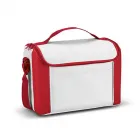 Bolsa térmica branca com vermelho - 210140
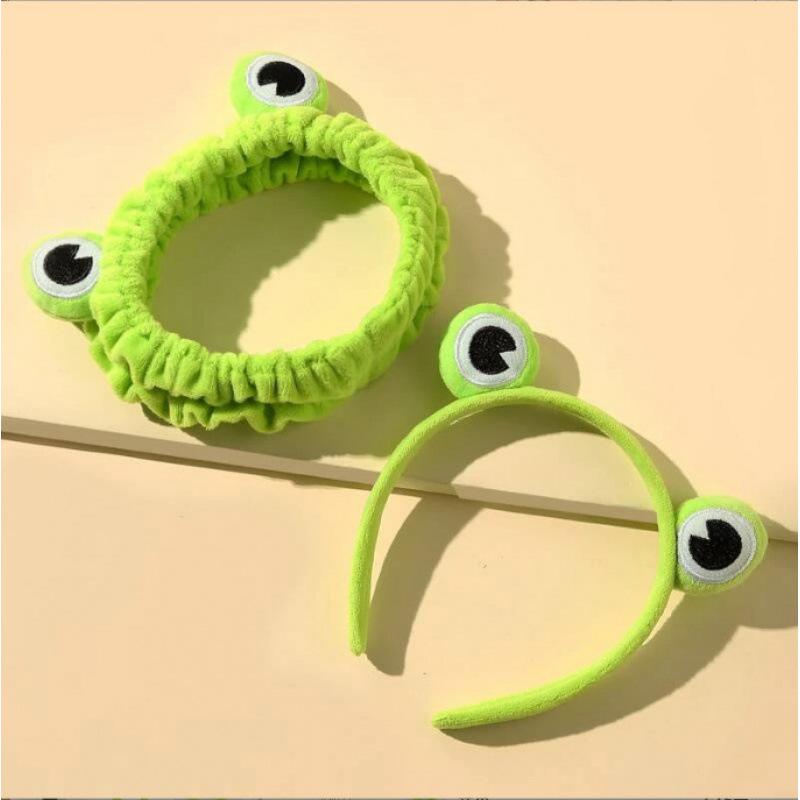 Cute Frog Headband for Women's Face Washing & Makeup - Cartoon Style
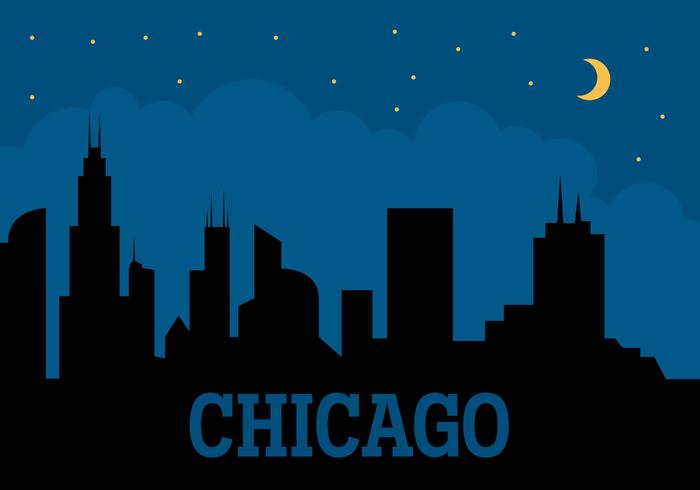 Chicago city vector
________________________
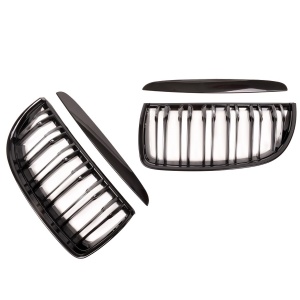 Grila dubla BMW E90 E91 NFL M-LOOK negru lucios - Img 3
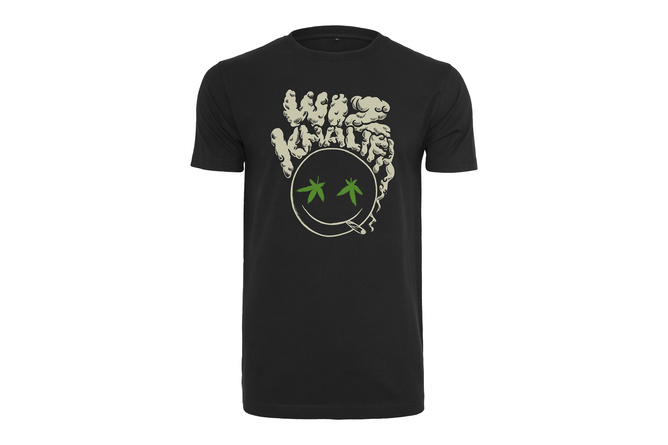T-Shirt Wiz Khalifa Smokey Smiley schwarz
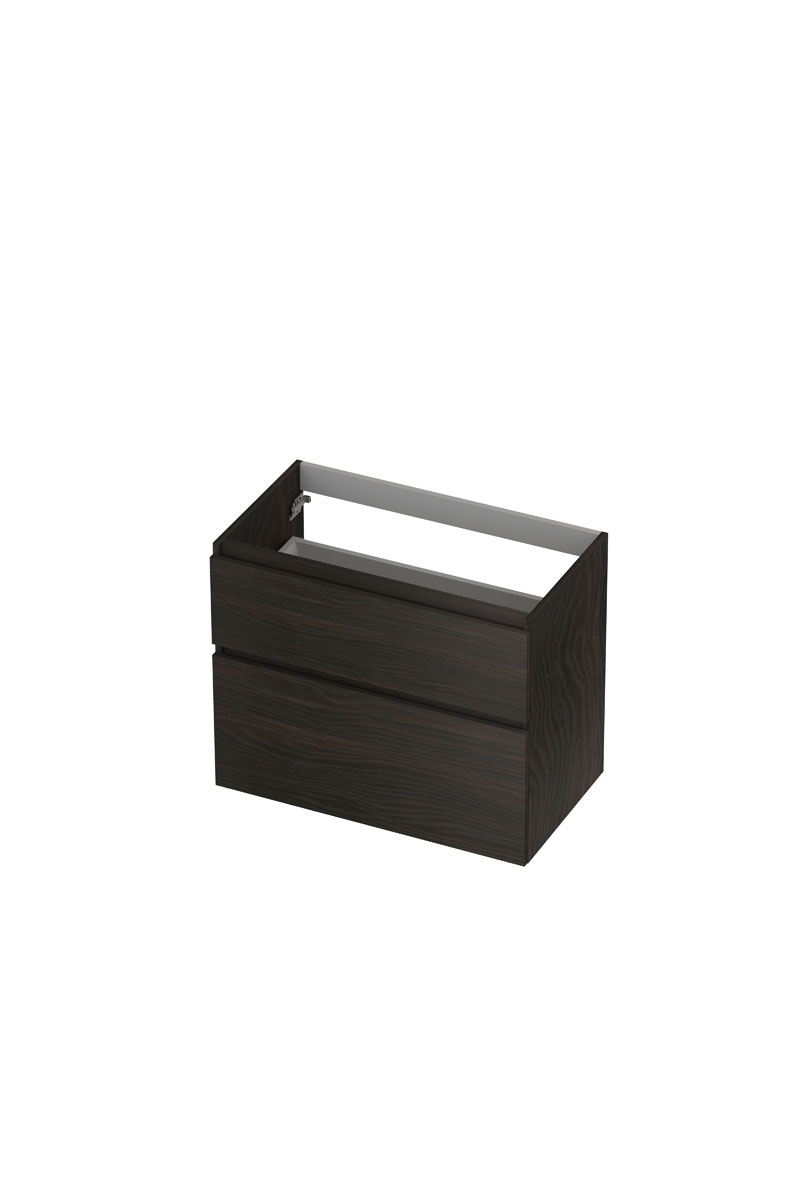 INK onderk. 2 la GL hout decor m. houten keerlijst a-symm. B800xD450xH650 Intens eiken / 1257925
________________________
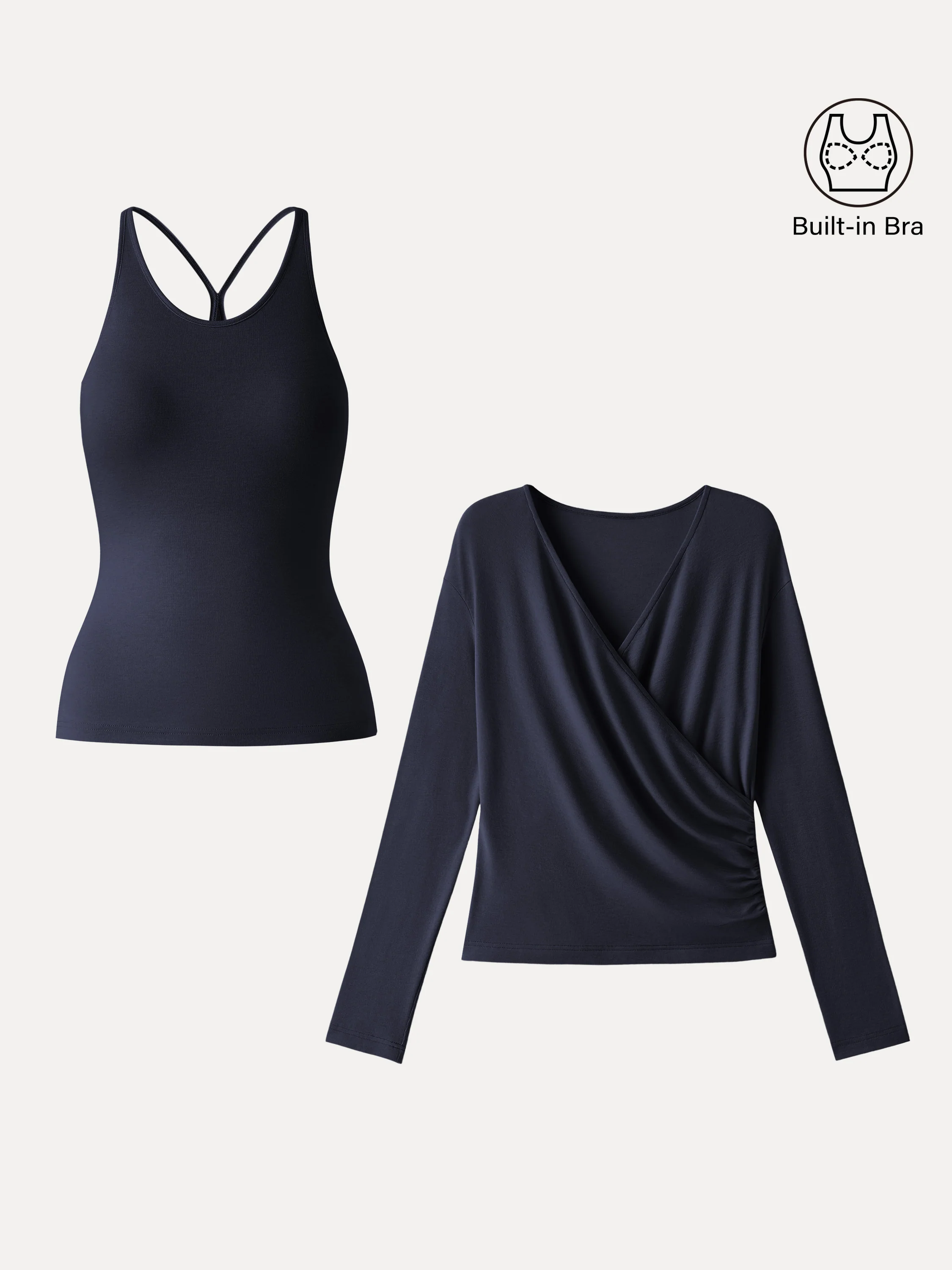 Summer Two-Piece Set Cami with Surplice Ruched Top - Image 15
________________________
What the exercise asks: Range to copy from the listing above: the line containing "Bolsa térmica branca com vermelho - 210140" down to the line containing "Chicago city vector", both included. Reproduce it exactly, minus the pictures, and add nothing.

Reply to the exercise:
 Bolsa térmica branca com vermelho - 210140
 Cute Frog Headband for Women's Face Washing & Makeup - Cartoon Style
 Chicago city vector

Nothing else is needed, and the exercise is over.